A week or so ago, the kids and I had the car radio on, tuned to the local Christian radio station, which is above average when it comes to that sort of programming, and we happened to hear a concert of sorts by a singer I didn’t know. She was talking about a song that had been playing on the radio and what it was about.
“It’s about this idea of planned obsolescence, how everything we have is made to break …”
And she played the song and it’s about our stuff–the electronics and material goods we have and how manufacturers make their lives only so long so we have to buy more.
But I couldn’t get over that phrase, “made to break.”
I wondered if it was true of me.
I wrote earlier this year about how my journey toward “whole” is taking a turn through “broken” and how surprising and unexpected that has been. It still unsettles me, this idea that there are things in my life that still have to break before I can come closer to “whole.”
But I think I’m slowly starting to understand why.
I recently read Laura Hillenbrand’s unforgettable book Unbreakable, the incredible tale of Louis Zamperini’s life. Olympic runner. Soldier. POW. It is horrific and amazing and heart-breaking all at the same time.
And I’ve been thinking about the title and how Zamperini was a survivor in every sense of the word. In the book, there are clear moments that show how his body, mind and spirit were unexplainably resilient to the forces that tried to break him. It’s an appropriate title in the sense that he wouldn’t give up when tortured or when stranded in the middle of the ocean with no hope of rescue in sight.
But Zamperini eventually did break. At a Billy Graham crusade when his family life was falling apart and his drinking was out of control. He had reached a point when he couldn’t do anything to save himself or get himself out of a mess or escape his nightmares.
He broke. And God worked in and through him to make something new.
Surviving impossible odds is inspiring. So is admitting that you’re at the end of yourself.
My husband and I started watching “The Unbreakable Kimmy Schmidt” on Netflix this weekend. It’s a Netflix original series co-produced by Tina Fey (love) about a woman who was part of an underground (literally) cult for 15 years who decides to make a go of life in New York.

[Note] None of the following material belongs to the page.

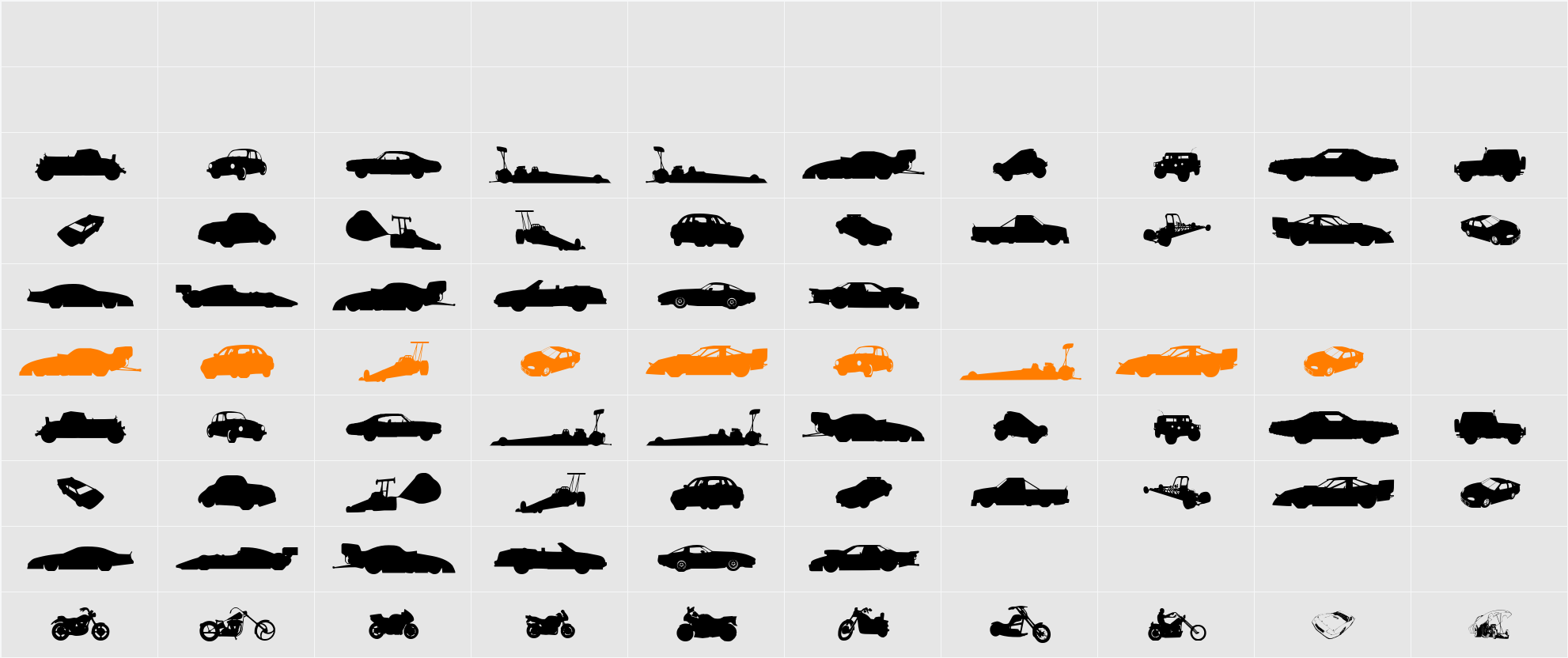 Need for Speed Character Map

For 15 years, Kimmy and the three other girls were told they were garbage and dirt and worthless. Kimmy resisted those labels in the bunker. And now she’s out in the world again with a middle-school education. She is naive and innocent and optimistic, refreshing in a world that is all too cynical. She challenges me to see the world anew.
We’re led to believe that New York will try to break her (and that it will succeed).
Doesn’t the world break everyone eventually?
There’s that Hemingway quote we toss around about how people are strong at the broken places. But the rest of the quote is not as inspiring as we would believe by taking only the first line out of context.
Here is what the whole thing says:
“The world breaks everyone and afterward many are strong at the broken places. But those that will not break it kills. It kills the very good and the very gentle and the very brave impartially. If you are none of these you can be sure it will kill you too but there will be no special hurry.” – Hemingway, A Farewell to Arms
Maybe everything breaks and we expect that, but maybe everyone breaks, too.
And maybe we’re made that way.
Maybe we’re not meant to do everything exactly right all the time. To carry all the burdens of this world, our worlds. Maybe we’re not meant to always have a healthy life, a comfortable existence. Maybe we’re not meant to help ourselves (so that God will help us) or rely on our individualism to save us.
I’m not saying God wants to bring suffering and hardship and calamity into our lives or that He takes any pleasure in it when it happens. I cannot believe in a god who would smile on adversity. The God I know is not cruel.
But maybe we’re made to break.
Our bodies, our relationships, our spirits, our beliefs, our emotions … at some point they all fail us. They all break in some way and it all breaks us. Mostly of ourselves.
Because when my body breaks, I’m broken of my independence. I have to rely on and trust others.
And when my relationships suffer a break, I’m broken of my selfishness that contributed to the rift.
When my spirit breaks, I’m broken of my self-sufficiency. I admit I need help.
And when my beliefs break, I’m broken of my assurances that I’m right and you’re wrong. I find that God is still God even if what I thought I believed changes.
And when my emotions break, I’m broken of living in my own power. I remember how weak I am and how much I need the power of God in my life.
Maybe breaking isn’t bad.
Maybe it’s necessary.
And maybe it’s not only necessary, maybe it’s for our good.
What do you think of the idea that we might be “made to break”?
How have you seen a time of brokenness work in your life?